(Short web captions)
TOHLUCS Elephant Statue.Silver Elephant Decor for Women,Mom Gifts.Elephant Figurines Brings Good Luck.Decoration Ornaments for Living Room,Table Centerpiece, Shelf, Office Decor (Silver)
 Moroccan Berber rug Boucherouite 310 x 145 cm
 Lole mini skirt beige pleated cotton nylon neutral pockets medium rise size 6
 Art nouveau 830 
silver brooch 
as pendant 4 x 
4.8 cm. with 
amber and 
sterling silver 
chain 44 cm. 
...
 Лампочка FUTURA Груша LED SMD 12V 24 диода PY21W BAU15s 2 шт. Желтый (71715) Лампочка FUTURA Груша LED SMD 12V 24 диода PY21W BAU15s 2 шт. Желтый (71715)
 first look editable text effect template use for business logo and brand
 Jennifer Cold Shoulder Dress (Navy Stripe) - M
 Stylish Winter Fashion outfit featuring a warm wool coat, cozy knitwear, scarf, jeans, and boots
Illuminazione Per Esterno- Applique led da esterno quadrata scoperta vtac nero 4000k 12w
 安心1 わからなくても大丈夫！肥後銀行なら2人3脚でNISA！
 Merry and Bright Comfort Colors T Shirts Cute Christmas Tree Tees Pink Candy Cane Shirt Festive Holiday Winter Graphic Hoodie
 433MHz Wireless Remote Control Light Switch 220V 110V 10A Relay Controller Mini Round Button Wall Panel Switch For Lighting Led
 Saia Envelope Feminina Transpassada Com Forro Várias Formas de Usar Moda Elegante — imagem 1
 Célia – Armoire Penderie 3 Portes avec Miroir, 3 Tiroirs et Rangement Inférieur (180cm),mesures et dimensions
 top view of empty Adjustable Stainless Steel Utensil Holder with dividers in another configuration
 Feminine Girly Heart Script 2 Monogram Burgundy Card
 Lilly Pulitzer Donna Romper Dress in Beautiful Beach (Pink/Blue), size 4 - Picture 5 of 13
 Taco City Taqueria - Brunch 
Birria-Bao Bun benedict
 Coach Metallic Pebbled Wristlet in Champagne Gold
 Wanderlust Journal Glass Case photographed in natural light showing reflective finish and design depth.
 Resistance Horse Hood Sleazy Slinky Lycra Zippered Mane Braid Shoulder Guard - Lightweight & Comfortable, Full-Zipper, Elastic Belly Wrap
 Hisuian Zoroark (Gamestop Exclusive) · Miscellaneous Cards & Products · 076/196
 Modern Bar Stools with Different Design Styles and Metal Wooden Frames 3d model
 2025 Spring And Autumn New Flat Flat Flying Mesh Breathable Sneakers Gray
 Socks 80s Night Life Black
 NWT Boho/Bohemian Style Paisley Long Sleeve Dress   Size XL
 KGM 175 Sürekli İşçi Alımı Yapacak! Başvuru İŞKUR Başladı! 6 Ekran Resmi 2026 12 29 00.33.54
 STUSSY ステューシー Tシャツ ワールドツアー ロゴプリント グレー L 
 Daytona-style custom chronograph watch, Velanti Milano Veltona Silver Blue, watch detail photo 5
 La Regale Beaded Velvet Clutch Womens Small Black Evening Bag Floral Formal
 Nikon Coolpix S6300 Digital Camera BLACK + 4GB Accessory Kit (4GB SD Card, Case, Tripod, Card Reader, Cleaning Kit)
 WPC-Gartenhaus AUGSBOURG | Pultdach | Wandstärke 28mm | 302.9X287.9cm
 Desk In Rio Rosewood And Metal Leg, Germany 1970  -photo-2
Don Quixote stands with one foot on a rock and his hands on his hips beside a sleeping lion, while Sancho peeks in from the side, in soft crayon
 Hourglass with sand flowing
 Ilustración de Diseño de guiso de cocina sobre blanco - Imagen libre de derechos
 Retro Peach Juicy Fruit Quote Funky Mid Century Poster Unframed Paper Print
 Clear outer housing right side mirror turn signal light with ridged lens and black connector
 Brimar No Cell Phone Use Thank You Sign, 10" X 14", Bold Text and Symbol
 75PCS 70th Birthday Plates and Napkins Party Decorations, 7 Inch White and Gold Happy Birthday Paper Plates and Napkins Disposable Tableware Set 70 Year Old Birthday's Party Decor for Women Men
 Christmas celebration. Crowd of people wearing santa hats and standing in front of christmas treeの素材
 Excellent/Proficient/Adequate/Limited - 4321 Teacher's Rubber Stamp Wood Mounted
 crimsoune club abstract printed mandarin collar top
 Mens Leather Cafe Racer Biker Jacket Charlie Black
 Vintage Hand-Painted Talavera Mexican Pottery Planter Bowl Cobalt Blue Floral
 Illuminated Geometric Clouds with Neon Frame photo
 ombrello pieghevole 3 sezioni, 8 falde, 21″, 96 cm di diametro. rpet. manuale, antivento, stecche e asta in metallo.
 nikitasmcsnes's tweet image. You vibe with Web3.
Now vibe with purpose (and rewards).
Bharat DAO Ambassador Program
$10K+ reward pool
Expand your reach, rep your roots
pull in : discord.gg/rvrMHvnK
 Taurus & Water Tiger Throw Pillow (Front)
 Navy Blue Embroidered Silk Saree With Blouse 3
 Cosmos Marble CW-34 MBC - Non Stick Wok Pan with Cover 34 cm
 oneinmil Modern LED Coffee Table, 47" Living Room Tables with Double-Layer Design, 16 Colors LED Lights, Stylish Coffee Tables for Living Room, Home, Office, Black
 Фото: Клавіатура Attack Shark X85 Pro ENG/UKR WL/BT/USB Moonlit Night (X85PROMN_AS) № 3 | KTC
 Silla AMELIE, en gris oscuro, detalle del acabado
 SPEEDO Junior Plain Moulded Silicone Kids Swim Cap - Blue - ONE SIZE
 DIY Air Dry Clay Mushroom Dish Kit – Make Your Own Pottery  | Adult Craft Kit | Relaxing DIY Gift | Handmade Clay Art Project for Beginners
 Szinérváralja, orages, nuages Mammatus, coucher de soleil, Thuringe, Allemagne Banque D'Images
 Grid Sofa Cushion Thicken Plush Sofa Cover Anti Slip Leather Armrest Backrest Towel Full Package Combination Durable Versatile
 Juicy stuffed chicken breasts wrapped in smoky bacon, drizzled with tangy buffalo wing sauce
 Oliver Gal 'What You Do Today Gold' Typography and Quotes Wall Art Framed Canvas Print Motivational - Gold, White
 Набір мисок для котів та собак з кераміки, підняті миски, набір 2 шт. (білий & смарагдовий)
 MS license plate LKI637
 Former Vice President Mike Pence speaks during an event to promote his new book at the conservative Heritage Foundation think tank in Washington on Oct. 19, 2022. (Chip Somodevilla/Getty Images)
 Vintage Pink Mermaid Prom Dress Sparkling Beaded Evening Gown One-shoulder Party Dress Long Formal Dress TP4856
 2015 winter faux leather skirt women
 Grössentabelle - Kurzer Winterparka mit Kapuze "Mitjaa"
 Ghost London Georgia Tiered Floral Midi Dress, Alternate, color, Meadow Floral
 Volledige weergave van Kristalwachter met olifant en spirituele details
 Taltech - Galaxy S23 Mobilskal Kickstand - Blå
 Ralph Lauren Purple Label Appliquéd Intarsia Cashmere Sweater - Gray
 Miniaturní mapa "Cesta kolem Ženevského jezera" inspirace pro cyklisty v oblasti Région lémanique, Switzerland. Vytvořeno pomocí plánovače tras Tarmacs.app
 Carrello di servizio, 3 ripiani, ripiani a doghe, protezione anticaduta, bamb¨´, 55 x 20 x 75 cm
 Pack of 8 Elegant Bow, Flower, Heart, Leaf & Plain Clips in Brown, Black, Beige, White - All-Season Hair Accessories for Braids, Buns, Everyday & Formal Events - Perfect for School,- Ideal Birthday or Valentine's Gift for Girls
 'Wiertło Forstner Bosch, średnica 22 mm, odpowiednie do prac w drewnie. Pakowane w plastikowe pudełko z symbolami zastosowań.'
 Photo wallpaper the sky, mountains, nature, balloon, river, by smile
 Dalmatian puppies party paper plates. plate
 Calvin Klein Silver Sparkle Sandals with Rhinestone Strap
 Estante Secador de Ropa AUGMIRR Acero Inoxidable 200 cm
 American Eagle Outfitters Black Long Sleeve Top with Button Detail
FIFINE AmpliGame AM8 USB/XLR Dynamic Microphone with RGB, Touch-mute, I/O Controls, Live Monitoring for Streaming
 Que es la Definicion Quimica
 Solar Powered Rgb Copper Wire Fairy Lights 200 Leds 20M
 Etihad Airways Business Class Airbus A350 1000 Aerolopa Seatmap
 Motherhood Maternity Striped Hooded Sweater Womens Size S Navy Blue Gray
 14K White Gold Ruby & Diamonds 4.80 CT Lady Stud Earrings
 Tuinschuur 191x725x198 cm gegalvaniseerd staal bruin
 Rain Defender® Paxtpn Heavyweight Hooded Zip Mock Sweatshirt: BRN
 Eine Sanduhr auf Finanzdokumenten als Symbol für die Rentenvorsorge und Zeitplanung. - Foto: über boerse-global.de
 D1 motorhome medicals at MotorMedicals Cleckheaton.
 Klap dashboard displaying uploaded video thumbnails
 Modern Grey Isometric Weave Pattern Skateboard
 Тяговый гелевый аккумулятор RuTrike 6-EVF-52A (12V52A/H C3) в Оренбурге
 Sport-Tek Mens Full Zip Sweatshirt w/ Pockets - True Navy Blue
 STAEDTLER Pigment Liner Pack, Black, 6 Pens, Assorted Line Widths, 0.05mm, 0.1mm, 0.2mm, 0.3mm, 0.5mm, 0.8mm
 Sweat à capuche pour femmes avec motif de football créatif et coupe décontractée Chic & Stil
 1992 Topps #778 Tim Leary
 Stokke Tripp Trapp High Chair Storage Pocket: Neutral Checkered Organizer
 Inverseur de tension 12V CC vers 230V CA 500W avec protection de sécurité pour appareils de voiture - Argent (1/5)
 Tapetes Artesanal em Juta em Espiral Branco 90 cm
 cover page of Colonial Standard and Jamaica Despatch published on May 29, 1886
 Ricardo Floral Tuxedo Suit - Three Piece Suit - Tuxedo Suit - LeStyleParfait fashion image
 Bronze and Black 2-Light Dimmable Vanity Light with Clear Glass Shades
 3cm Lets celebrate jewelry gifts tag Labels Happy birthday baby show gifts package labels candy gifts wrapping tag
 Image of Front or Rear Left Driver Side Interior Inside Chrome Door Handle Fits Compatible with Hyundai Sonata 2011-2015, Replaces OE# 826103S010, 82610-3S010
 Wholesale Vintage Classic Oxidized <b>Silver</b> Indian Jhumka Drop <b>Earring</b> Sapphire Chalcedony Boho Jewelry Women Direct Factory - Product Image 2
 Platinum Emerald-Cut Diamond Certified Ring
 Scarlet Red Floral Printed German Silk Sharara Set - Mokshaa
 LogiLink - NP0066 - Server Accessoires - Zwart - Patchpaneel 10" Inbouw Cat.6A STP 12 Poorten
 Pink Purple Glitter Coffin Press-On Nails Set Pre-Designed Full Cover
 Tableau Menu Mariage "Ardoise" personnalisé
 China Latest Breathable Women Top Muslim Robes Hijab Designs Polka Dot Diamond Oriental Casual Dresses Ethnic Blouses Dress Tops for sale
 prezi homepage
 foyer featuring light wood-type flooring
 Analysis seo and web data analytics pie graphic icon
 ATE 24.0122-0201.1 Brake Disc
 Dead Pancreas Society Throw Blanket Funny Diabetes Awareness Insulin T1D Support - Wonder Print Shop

**Task requirements:** Quote in full each line from the top of the records above through the line with "安心1 わからなくても大丈夫！肥後銀行なら2人3脚でNISA！"; stop after that line.

**Exercise output:**
TOHLUCS Elephant Statue.Silver Elephant Decor for Women,Mom Gifts.Elephant Figurines Brings Good Luck.Decoration Ornaments for Living Room,Table Centerpiece, Shelf, Office Decor (Silver)
 Moroccan Berber rug Boucherouite 310 x 145 cm
 Lole mini skirt beige pleated cotton nylon neutral pockets medium rise size 6
 Art nouveau 830 
silver brooch 
as pendant 4 x 
4.8 cm. with 
amber and 
sterling silver 
chain 44 cm. 
...
 Лампочка FUTURA Груша LED SMD 12V 24 диода PY21W BAU15s 2 шт. Желтый (71715) Лампочка FUTURA Груша LED SMD 12V 24 диода PY21W BAU15s 2 шт. Желтый (71715)
 first look editable text effect template use for business logo and brand
 Jennifer Cold Shoulder Dress (Navy Stripe) - M
 Stylish Winter Fashion outfit featuring a warm wool coat, cozy knitwear, scarf, jeans, and boots
Illuminazione Per Esterno- Applique led da esterno quadrata scoperta vtac nero 4000k 12w
 安心1 わからなくても大丈夫！肥後銀行なら2人3脚でNISA！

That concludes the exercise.